Thanks for an interesting and thoughtful response. :-)
Unfortunately, my reading list is tooo long to add anything new anywhere near the front of the queue, unless it's something that is absolutely earth-shattering. I see that the book you suggest is rated highly on Amazon. But the first review that comes up for me (maybe it's the first one for you, too) is a June 5 review by a neuroscientist (supposedly) who discounts the book as being highly intellectually sloppy.

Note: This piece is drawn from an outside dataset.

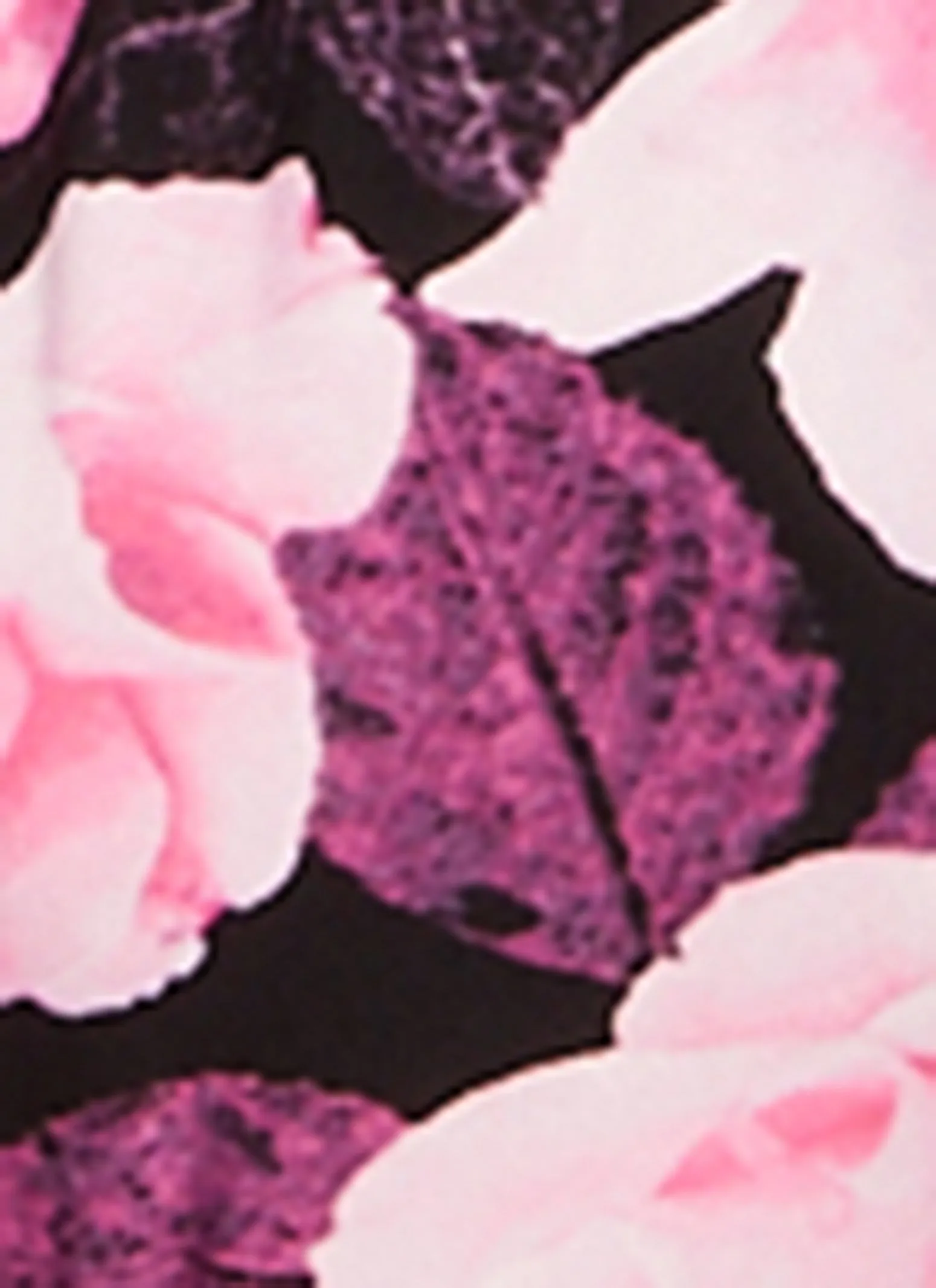 Printed Faux Wrap Tie Waist Jumpsuit sold by Rainbow product image thumbnail 4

I actually think we may agree on the second overall bullet point. Which is a lot closer than I thought we were. However, I think certain empiricist philosophers have been pretty mistaken. I'm not an expert in either analytic or continental philosophy, but wasn't Hume the famous empiricist who posed the "is-ought" dichotomy and rejected the possibility of finding any solution to it? Any Rand posed a solution to this problem, and I agree with her. I can provide further references up on request.
On the third bullet point: I think "free will" is properly understood as a person's ability to choose whether or not to think about something. The more they think, the more refined their conclusions become. It's wrong to just claim that people are a product of their genes and environment, which implicitly ignores this thinking process. So to answer the question, the actor's "will" is the key factor here (if you want to use that word), but of course there is nothing supernatural going on.
- You need a tool to "discover" right and wrong, just like you need a metric tensor to measure length. That tool is empiricism.
- If it's not the actor's will, whose is it?